§ DATA EXTRACT:
== == ==

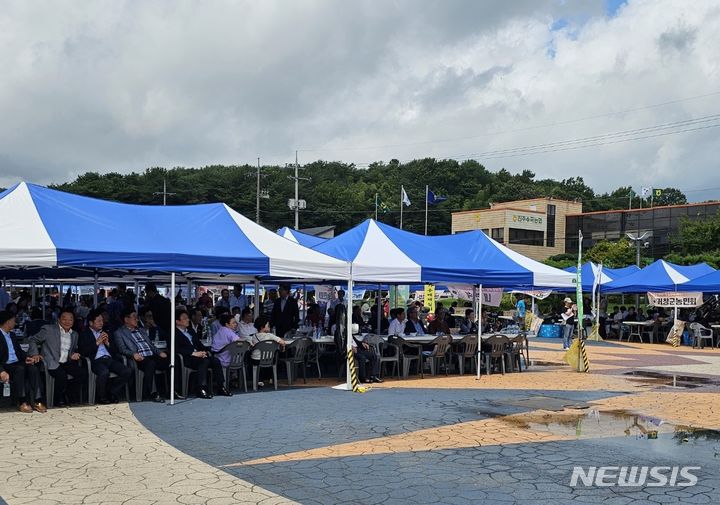 [진주=뉴시스]27일 오전 경남 진주수곡농협 딸기공동선별장에서 농민회원 500여 명이 참석한 가운데 2024 부산경남농민가족한마당 행사가 열리고 있다.(사진=경남도 제공)2024.07.27. photo@newsis.com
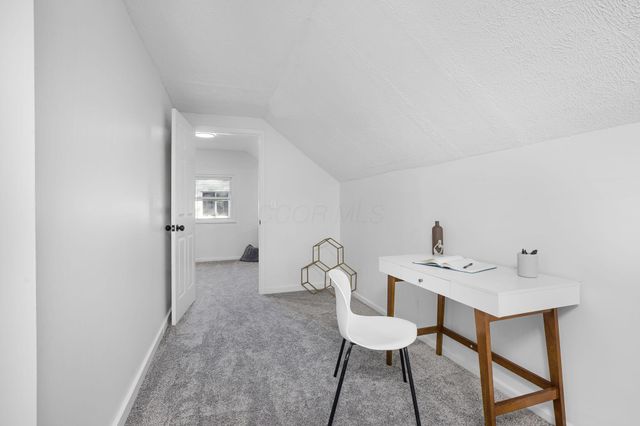 855 Dimson Drive E, Columbus, OH 43213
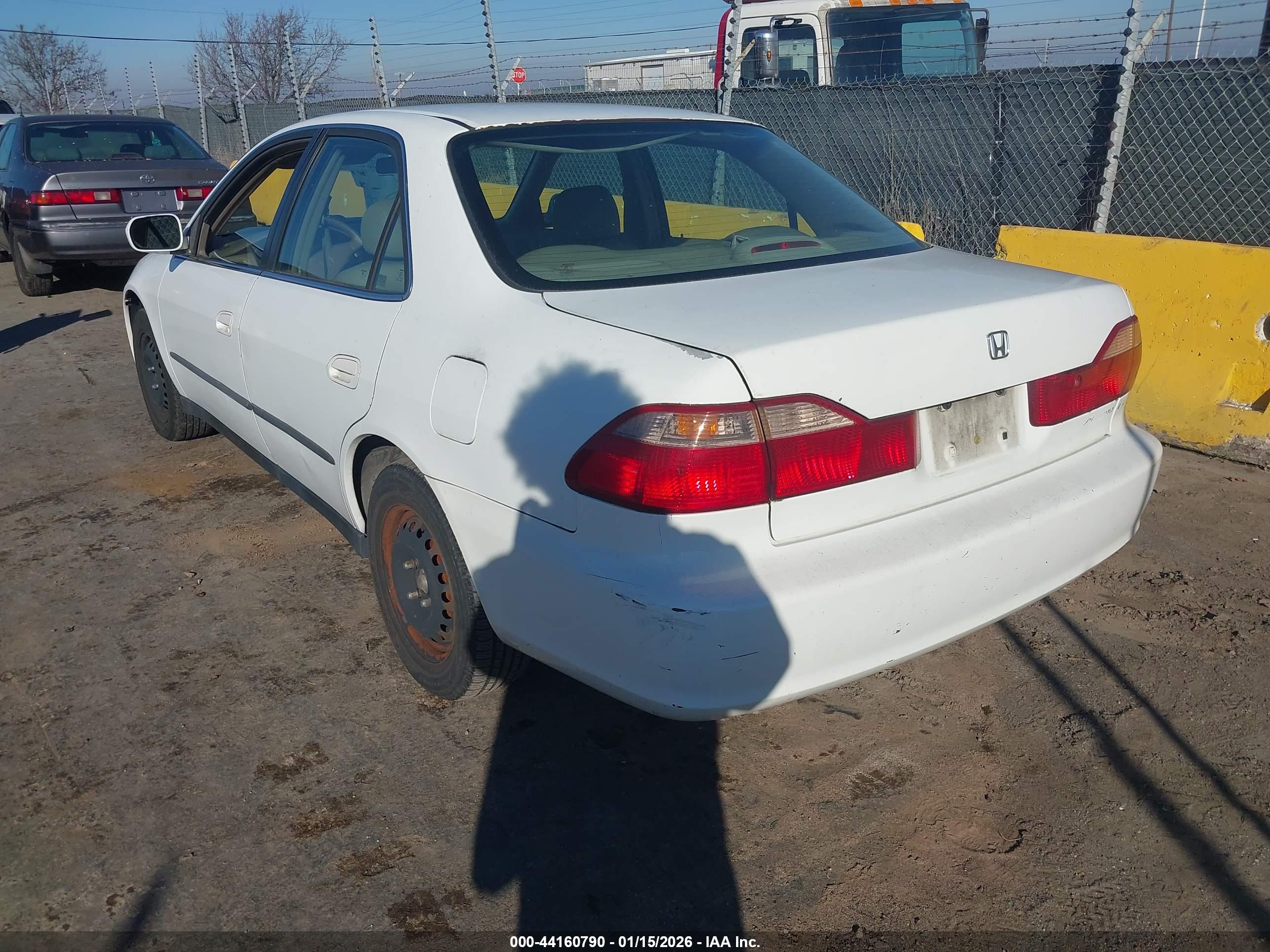 HONDA ACCORD image 3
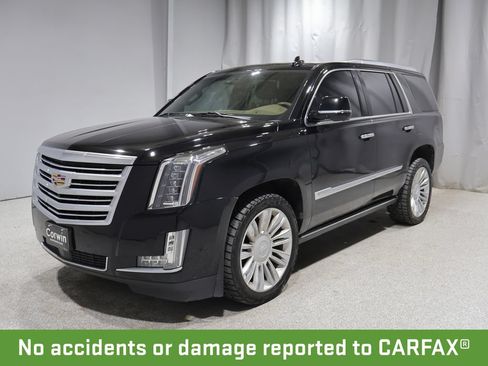 Used 2020 Cadillac Escalade Platinum AWD/4WD image 5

== == ==

§ REQUIRED ACTION: What you give back must be exactly the lines of the listing above from the line containing "855 Dimson Drive E, Columbus, OH 43213" through its last line, inclusive, without pictures, please.

§ PROBLEM SOLUTION:
 855 Dimson Drive E, Columbus, OH 43213
 HONDA ACCORD image 3
 Used 2020 Cadillac Escalade Platinum AWD/4WD image 5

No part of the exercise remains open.